[[ RECORDS SUPPLIED open ]]
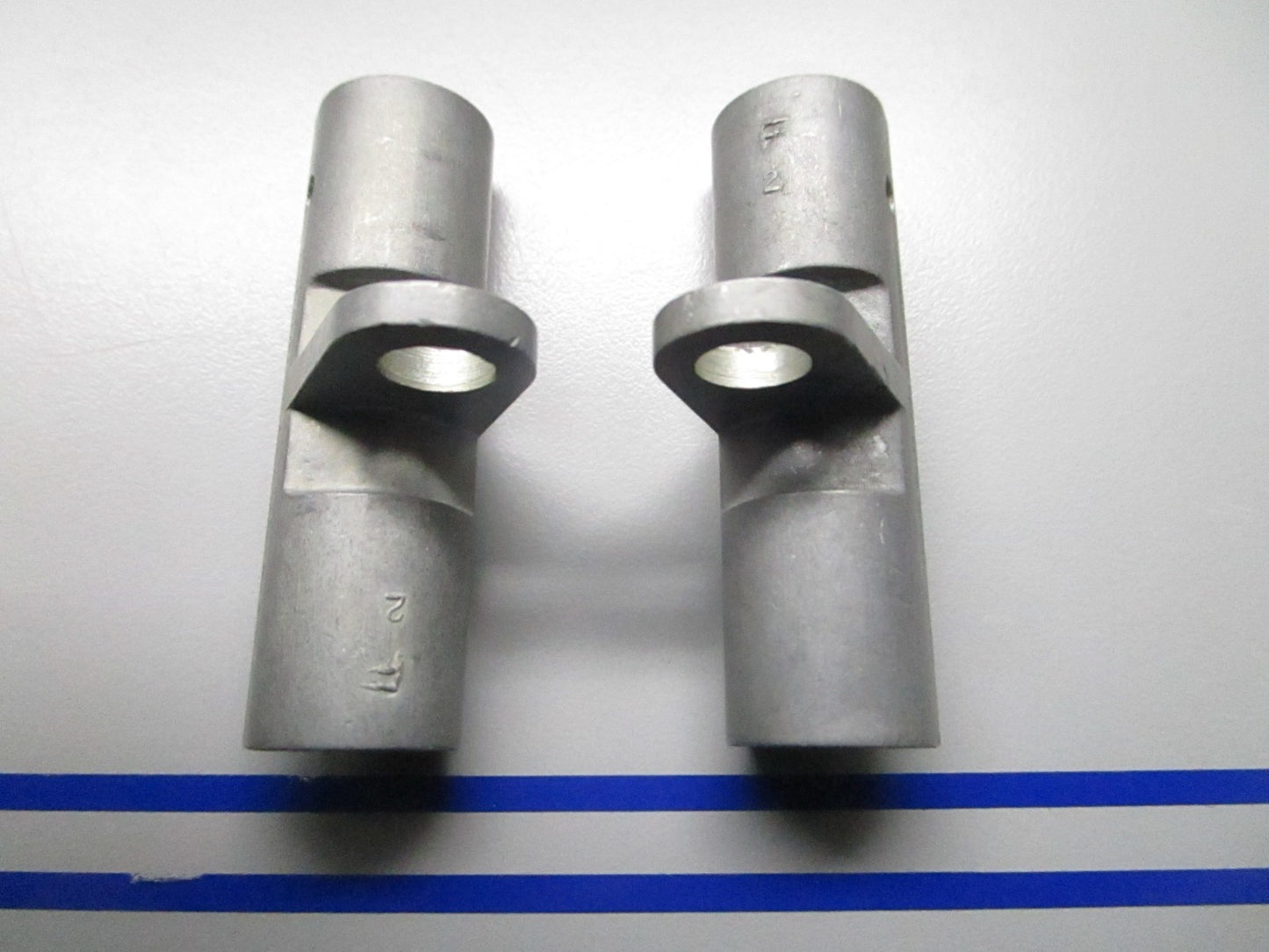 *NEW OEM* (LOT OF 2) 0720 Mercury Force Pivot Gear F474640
[[ RECORDS SUPPLIED closed ]]
[[ RECORDS SUPPLIED open ]]
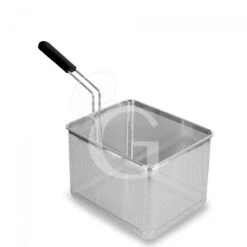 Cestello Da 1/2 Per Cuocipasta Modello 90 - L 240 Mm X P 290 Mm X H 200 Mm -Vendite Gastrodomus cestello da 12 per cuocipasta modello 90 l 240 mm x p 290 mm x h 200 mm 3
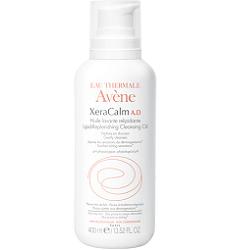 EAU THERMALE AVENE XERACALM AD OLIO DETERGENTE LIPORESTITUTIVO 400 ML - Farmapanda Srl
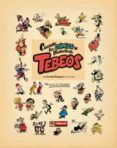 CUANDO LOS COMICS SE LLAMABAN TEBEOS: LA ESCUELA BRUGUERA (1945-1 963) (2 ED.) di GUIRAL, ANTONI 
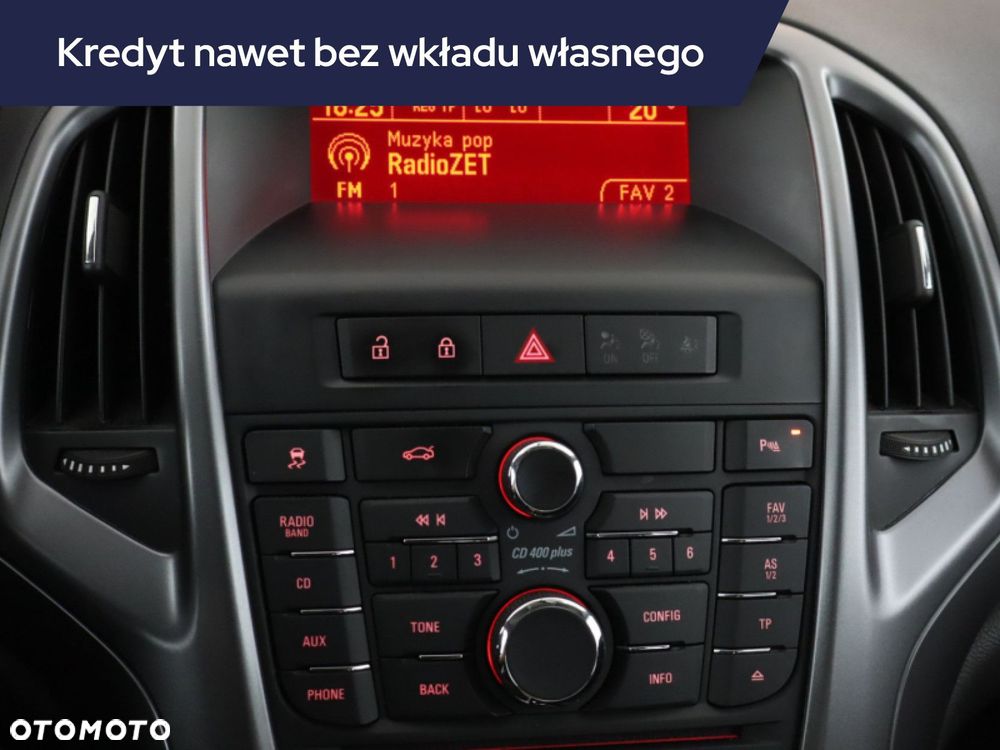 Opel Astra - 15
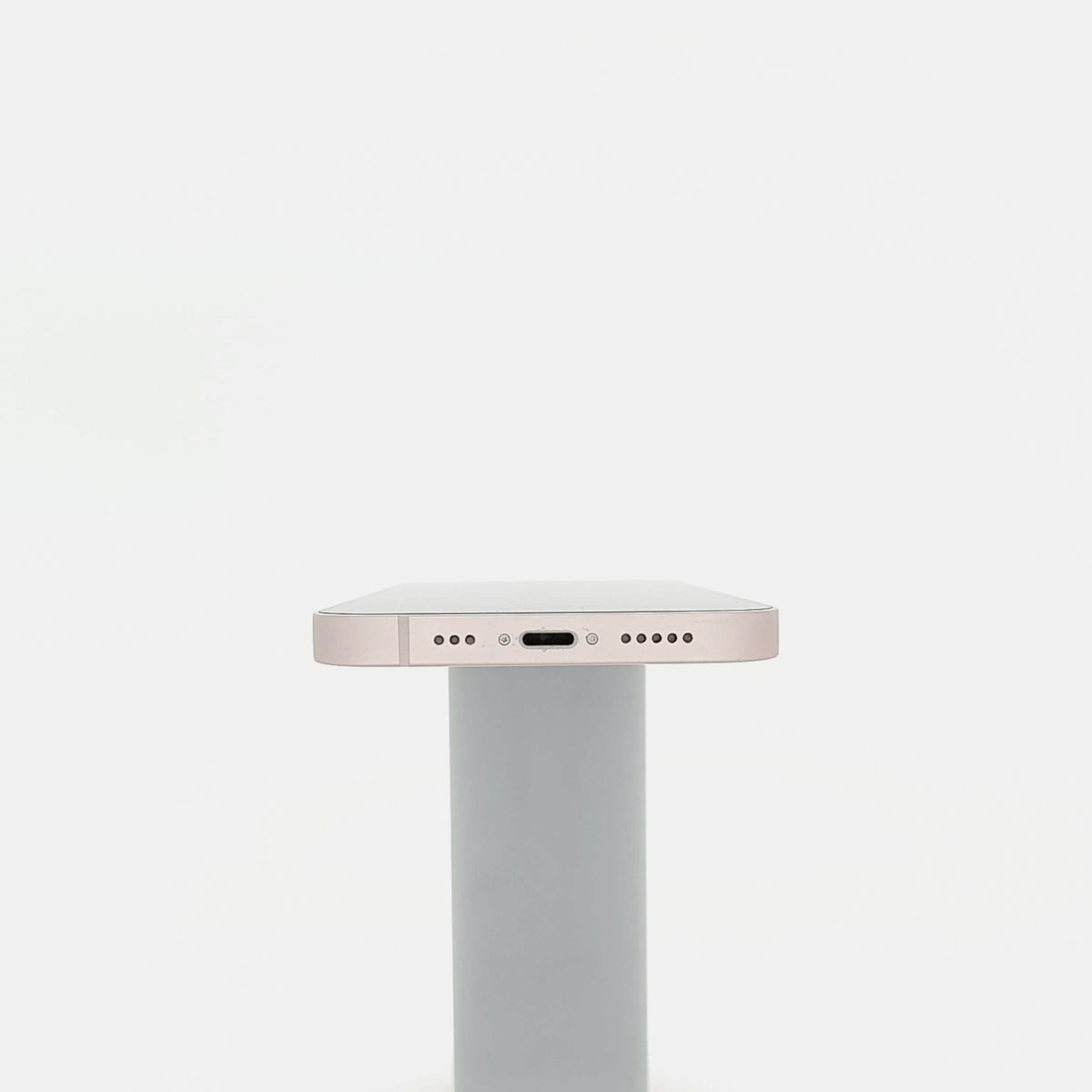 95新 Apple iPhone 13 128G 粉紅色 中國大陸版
[[ RECORDS SUPPLIED closed ]]
Set down again, exactly, every line above from the one with "CUANDO LOS COMICS" down to the one with "95新 Apple iPhone 13 128G 粉紅色 中國大陸版", both ends included. No pictures, and nothing else.

 CUANDO LOS COMICS SE LLAMABAN TEBEOS: LA ESCUELA BRUGUERA (1945-1 963) (2 ED.) di GUIRAL, ANTONI 
 Opel Astra - 15
 95新 Apple iPhone 13 128G 粉紅色 中國大陸版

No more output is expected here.